I’m going to say goodbye to little George, and then I will try to fly to you.

This shift might be my last. Once they find out I’m missing they’ll come looking for me, and if they find me as a person, I’ll be right back here. I just don’t know if I’ll be able to change back after being the inner me so long.

It doesn’t really matter. I can’t stay here. Not alone, not hearing all of the sick coughs, not listening to all of the kids crying themselves to sleep, not wondering if all of the older men and women are alive inside, as if they’ve lost something vital.

Two tails, Maddie. Patrick Kirin says that means the fox knows magic and is getting older and wiser, that the kitsune gain tails as they age.

I don’t know about wiser.

Here I go, flying as only I can. On four feet. Flying to you, Henry, Papa, Mama, and your little one, who must be born by now. I bet he’s just as handsome as his dad, and just as perfect as his mom.

Four feet. Better than two.


From the diary of Madeleine Little

August 3, 1947

It’s Ricky’s birthday today and he asked me if I’d seen a white fox jumping around the field. He’s seen her before, but he’s really too little to remember. In fact, she’s led him back to the house on a couple occasions when he’s slipped out to go play with the chickens, despite that Papa scolds him gently whenever Ricky messes with his favorite hens.

Every time that Henry sees her, it hurts him. I know that his surgery didn’t work for his back, and that he couldn’t leave us crazy Wagners (and two Littles). He’s stuck here with us. But he’s being the best Uncle that he could ever be. Honestly, Ricky has taken to Henry, and the few times that I ever hear Henry laugh anymore is when Ricky is chattering at him, telling his Uncle stories that only make sense to a child.

I wish Keiko could’ve been here to see Ricky’s cheeks puff up as he blew out his candles.
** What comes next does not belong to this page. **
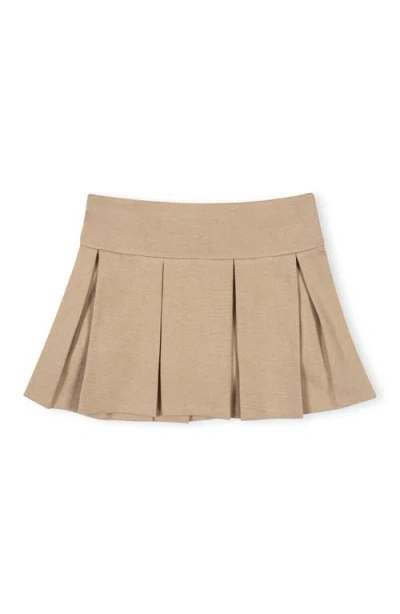 Hope & Henry Kids' Ponte Pleated Uniform Skort In Gray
I know she would’ve stuck some frosting on his nose, and laughed her yipping laugh.

That twin of mine met my eye, and I could tell he was thinking the same thing.
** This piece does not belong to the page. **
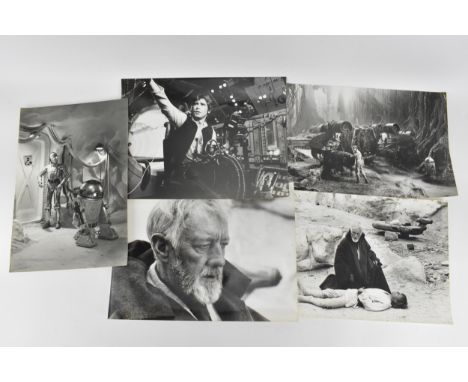 A collection of five 1980s period Star Wars original trilogy stills believed to have been taken from the original 35mm print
From the diary of Madeleine Little

November 28, 1947

I went out into the field at midnight yesterday, like we used to every Thanksgiving, wandering under the stars right next to the lake. I didn’t expect it, but Henry was there too, and he smiled when he saw me. He pointed to the mud splattered on his clothes, and then to the three-tailed white fox with just as much mud on her fur.

Come back to us, Keiko,” I told the fox, hoping as I do every year for her to understand me.

Her tails made silvery sparks in the air, as if she were laughing at us.

Maybe she was.

Then her dark eyes looked at Henry and she flicked her three tails against his side, splattering more mud on his pants. The sparks—that crazy fox-fire—blazed, and it seemed to engulf Henry. I was scared and Henry cried out in surprise, but then his back arched.

He started to change. Before I knew it a bright red fox was standing next to her.

They ran off into the field together with all of the happy cries of wild foxes.

I have a feeling that Ricky and I will see them again when spring rolls around.